_WHAT NEEDS TO BE DONE_. Leave the images aside and output every entry exactly.
^^^^
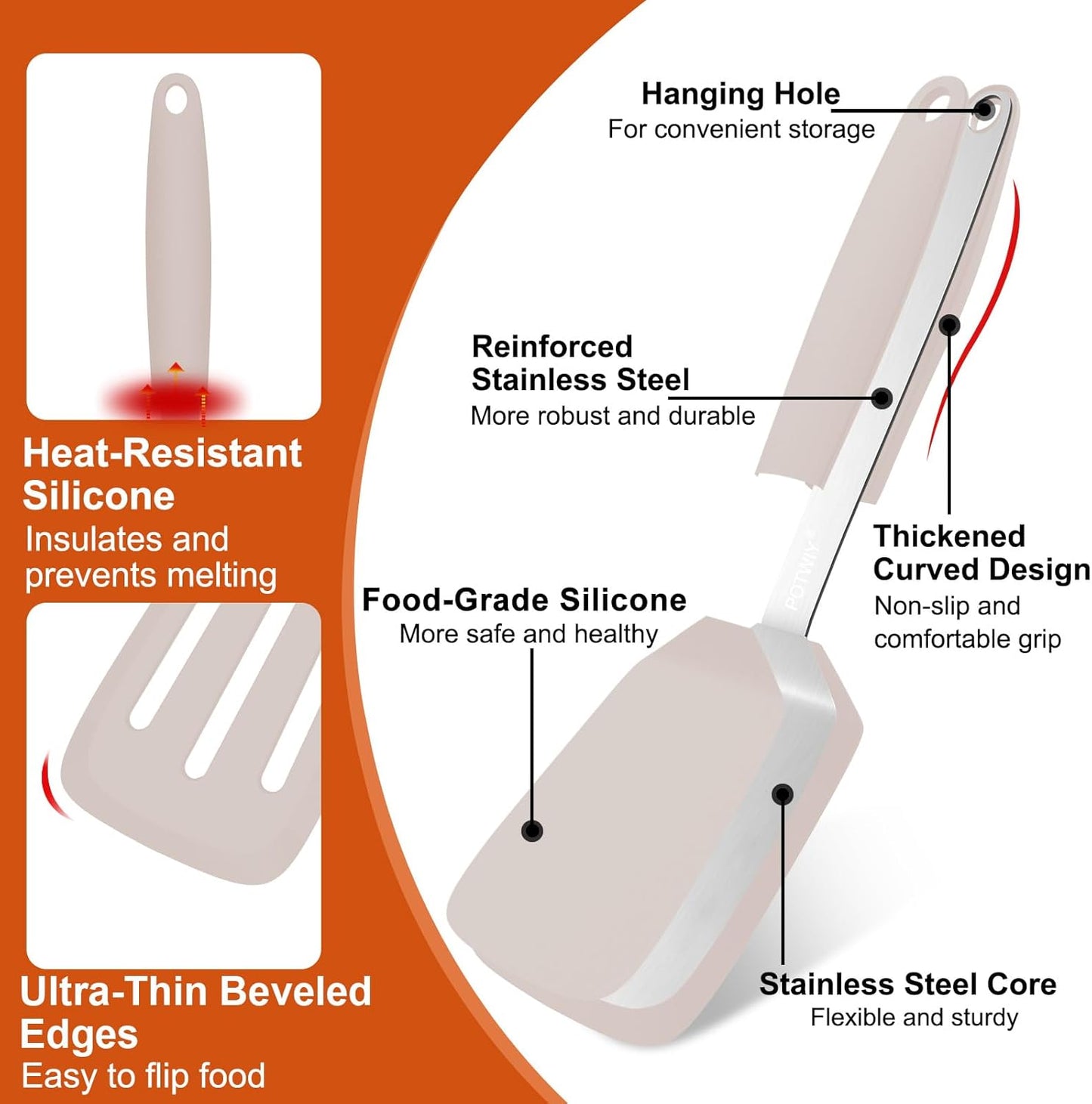 2 Pack Silicone Spatula Set, 600°F Heat Resistant Kitchen Spatula, BPA Free Solid & Slotted Turner, Flexible Cooking Utensils for Non Stick Frying Pan, Flipper for Eggs and Pancakes (Black)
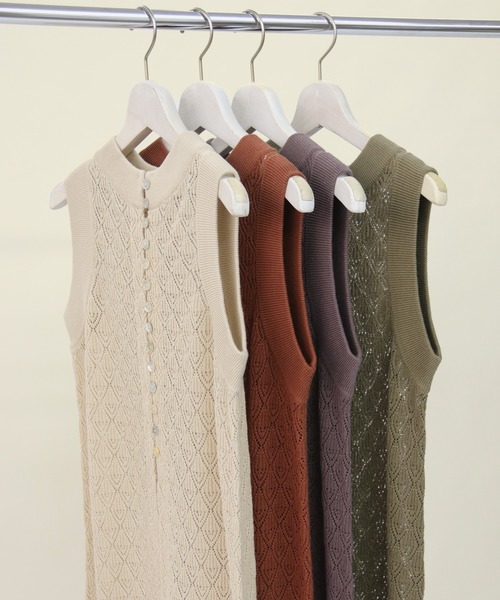 CLEIO（クレイオ）の「【CLEIO】前後2WAYクロシェ編みワンピース（ワンピース・レディース・アイボリー/パープル/カーキ/テラコッタ・FREE）」の20枚目の写真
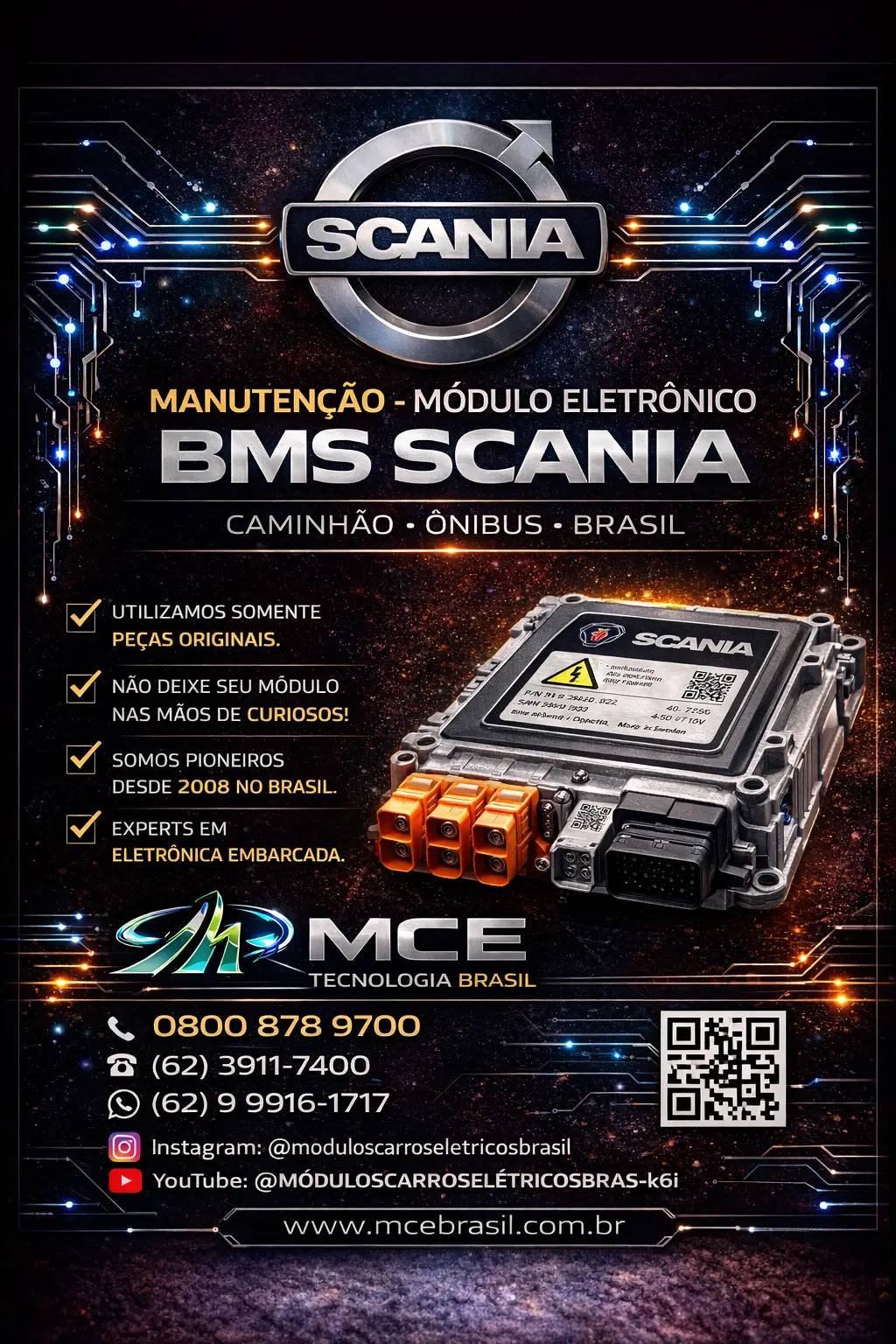 SERVIÇO MÓDULO BMS SCANIA ELETRICO CAMINHÃO ONIBUS BRASIL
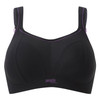 Non-Wired Sports Bra in Black with Purple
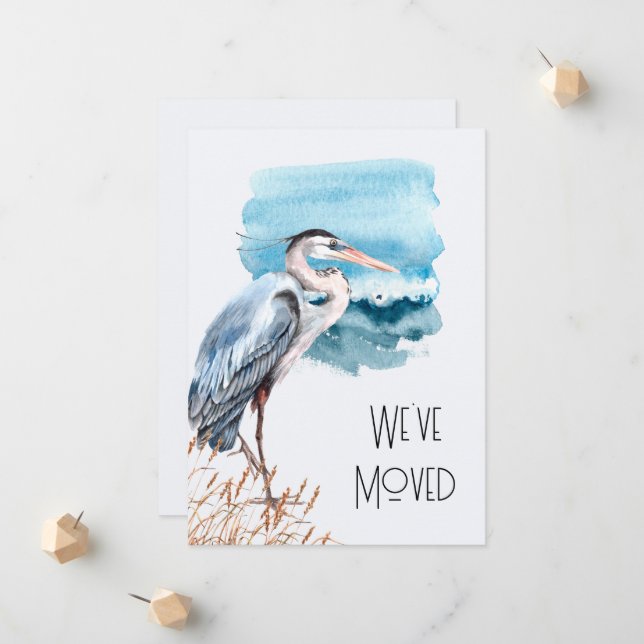 New Address Great Blue Heron Waterfront Moving Announcement (Front/Back In Situ)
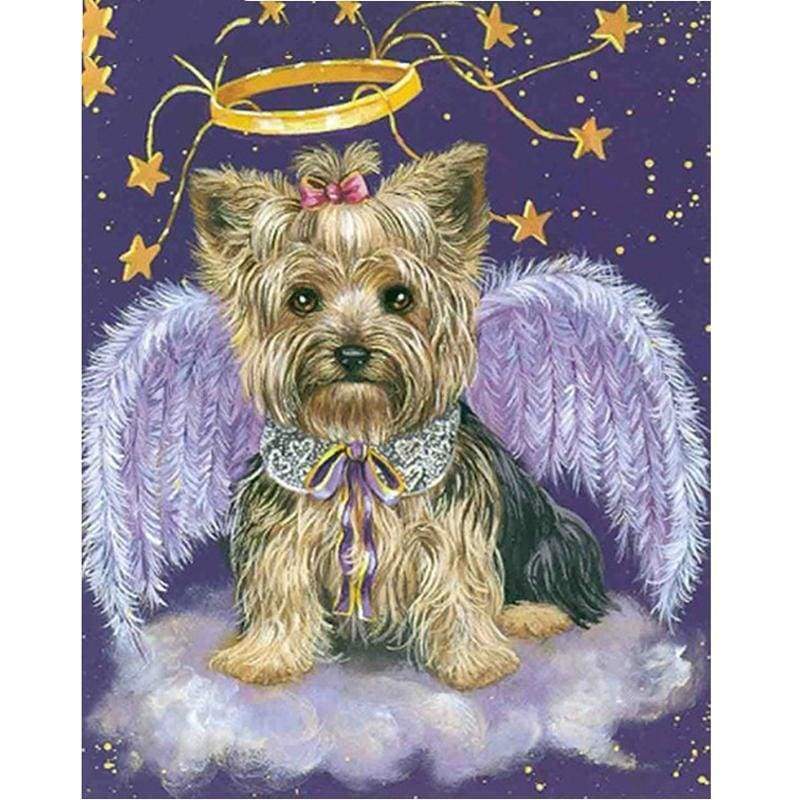 Full Drill Rhinestones Dog Angel Cross Stitch Embroidery Diamond Kits ...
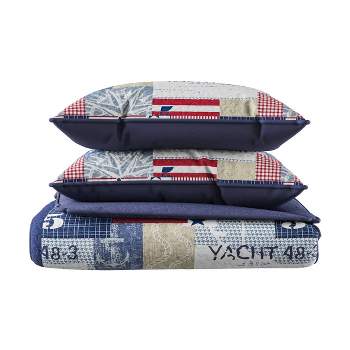 Nautical Americana Patchwork Quilt Set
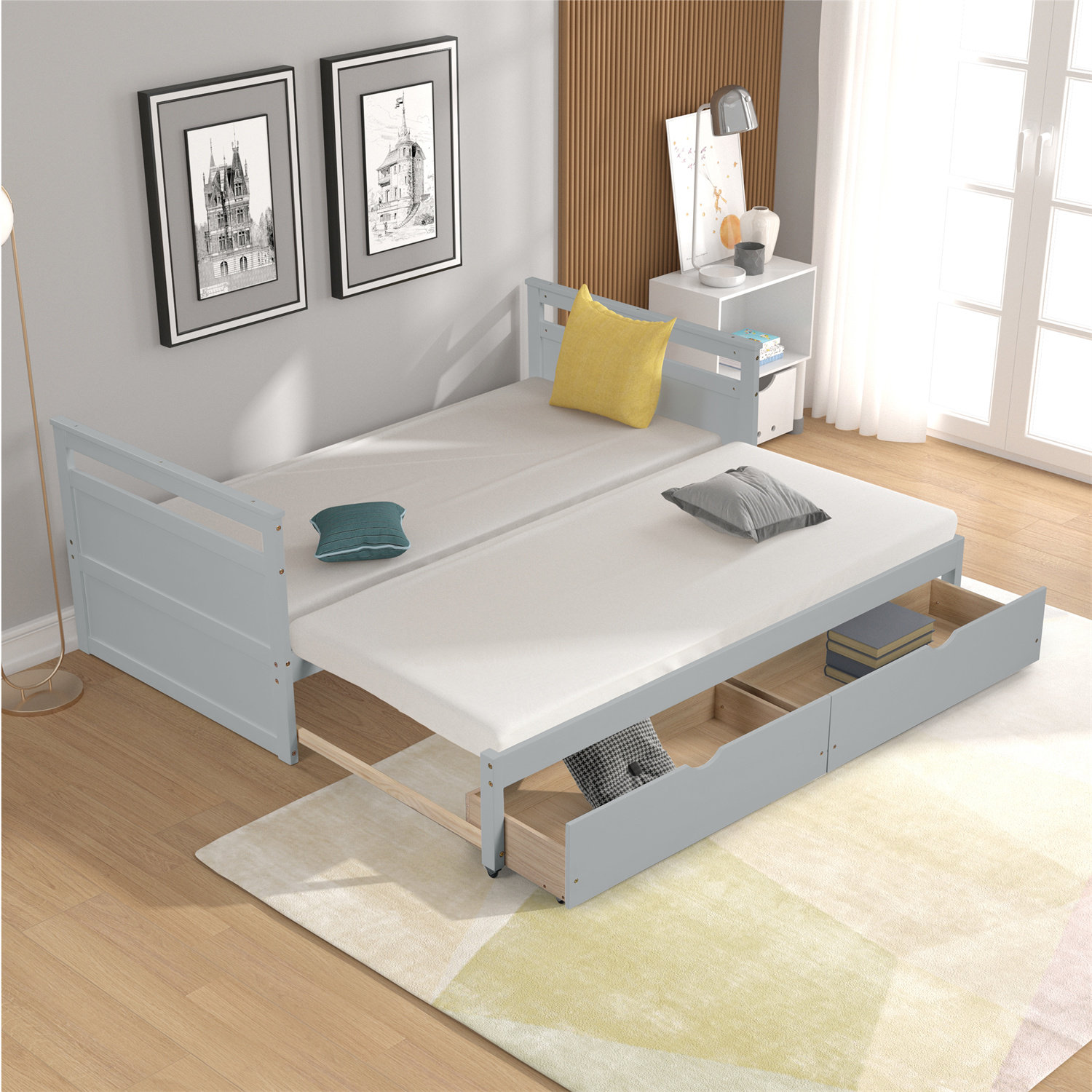 Extendable Twin Daybed with 2 Storage Drawers,Pine Wood Twin Dayed Can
^^^^
_RESULT BELOW_.
 2 Pack Silicone Spatula Set, 600°F Heat Resistant Kitchen Spatula, BPA Free Solid & Slotted Turner, Flexible Cooking Utensils for Non Stick Frying Pan, Flipper for Eggs and Pancakes (Black)
 CLEIO（クレイオ）の「【CLEIO】前後2WAYクロシェ編みワンピース（ワンピース・レディース・アイボリー/パープル/カーキ/テラコッタ・FREE）」の20枚目の写真
 SERVIÇO MÓDULO BMS SCANIA ELETRICO CAMINHÃO ONIBUS BRASIL
 Non-Wired Sports Bra in Black with Purple
 New Address Great Blue Heron Waterfront Moving Announcement (Front/Back In Situ)
 Full Drill Rhinestones Dog Angel Cross Stitch Embroidery Diamond Kits ...
 Nautical Americana Patchwork Quilt Set
 Extendable Twin Daybed with 2 Storage Drawers,Pine Wood Twin Dayed Can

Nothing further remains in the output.